## INSTRUCTIONS TO FOLLOW:
From the records below, transcribe only the lines running from the one with "POVPREČJE :: Dravinja" through the one with "100 Words Every Brand Strategist Should Know". Keep both of those end lines.

## DATA TO USE:
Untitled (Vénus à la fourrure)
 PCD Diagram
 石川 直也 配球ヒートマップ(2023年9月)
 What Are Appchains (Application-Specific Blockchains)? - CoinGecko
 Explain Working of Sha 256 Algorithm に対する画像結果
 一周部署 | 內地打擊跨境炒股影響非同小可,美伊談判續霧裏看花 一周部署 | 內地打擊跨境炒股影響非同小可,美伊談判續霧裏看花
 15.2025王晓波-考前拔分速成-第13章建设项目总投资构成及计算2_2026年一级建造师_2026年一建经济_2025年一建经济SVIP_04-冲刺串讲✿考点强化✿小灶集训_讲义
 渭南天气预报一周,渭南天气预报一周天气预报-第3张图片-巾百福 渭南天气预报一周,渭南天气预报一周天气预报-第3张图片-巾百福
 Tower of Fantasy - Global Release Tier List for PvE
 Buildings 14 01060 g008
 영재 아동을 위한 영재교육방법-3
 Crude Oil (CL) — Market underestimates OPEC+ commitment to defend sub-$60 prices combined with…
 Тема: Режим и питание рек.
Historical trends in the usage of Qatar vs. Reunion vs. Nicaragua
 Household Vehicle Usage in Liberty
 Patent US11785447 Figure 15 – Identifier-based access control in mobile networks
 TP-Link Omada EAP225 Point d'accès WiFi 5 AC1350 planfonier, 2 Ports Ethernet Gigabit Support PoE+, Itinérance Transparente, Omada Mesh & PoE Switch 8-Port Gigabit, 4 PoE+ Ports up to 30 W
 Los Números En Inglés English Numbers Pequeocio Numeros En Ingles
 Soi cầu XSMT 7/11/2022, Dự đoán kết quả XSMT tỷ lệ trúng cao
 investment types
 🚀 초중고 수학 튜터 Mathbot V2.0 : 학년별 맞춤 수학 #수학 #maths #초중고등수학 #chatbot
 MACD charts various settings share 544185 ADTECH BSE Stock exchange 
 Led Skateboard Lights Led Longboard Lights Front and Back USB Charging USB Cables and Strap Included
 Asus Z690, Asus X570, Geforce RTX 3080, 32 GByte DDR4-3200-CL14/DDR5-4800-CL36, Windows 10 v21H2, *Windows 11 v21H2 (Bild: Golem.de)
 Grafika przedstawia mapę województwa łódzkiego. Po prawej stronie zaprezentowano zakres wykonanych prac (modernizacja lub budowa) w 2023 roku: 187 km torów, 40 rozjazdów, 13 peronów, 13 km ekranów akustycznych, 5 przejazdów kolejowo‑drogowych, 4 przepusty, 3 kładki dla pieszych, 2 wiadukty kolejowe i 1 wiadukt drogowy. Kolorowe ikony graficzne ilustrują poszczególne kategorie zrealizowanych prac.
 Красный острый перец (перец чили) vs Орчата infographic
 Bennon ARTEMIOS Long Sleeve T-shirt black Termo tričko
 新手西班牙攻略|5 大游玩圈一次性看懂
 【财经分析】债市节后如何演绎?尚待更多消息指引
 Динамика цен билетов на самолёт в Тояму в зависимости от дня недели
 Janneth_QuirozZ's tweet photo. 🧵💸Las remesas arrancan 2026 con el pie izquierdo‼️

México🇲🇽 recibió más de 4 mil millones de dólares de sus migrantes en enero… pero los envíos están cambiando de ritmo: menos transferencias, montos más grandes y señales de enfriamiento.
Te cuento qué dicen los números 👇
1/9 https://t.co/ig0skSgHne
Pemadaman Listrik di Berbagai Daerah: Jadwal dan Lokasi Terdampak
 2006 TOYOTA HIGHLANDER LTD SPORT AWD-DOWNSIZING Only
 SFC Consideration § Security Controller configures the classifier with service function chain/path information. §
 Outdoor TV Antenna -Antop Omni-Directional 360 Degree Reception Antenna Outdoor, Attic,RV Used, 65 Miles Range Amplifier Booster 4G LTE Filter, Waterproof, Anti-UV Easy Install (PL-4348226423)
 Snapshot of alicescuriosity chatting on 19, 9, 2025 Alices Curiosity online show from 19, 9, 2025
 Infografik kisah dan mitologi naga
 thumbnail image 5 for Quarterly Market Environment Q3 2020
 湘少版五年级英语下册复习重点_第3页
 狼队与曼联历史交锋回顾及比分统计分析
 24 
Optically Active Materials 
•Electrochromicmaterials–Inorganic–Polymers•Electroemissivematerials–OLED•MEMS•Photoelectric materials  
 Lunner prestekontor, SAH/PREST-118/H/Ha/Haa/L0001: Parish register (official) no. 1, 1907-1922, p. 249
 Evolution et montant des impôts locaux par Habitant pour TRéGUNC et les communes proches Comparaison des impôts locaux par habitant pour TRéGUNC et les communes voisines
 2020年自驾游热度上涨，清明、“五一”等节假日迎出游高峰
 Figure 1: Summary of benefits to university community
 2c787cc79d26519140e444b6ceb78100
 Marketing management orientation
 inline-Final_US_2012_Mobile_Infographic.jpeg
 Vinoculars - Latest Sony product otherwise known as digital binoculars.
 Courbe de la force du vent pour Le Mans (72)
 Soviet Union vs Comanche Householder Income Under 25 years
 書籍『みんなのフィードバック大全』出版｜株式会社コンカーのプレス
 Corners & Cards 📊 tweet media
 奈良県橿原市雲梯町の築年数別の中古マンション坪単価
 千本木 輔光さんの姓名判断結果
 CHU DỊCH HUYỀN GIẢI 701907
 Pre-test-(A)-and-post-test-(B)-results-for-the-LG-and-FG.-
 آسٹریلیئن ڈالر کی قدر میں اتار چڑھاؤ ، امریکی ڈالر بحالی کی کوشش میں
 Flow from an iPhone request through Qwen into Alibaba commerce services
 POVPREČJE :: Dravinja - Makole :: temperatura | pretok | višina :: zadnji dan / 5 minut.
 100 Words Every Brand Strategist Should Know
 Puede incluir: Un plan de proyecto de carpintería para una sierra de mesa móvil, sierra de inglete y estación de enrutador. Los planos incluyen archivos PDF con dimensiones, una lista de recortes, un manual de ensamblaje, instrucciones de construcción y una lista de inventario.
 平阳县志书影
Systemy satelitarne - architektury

## OUTPUT:
 POVPREČJE :: Dravinja - Makole :: temperatura | pretok | višina :: zadnji dan / 5 minut.
 100 Words Every Brand Strategist Should Know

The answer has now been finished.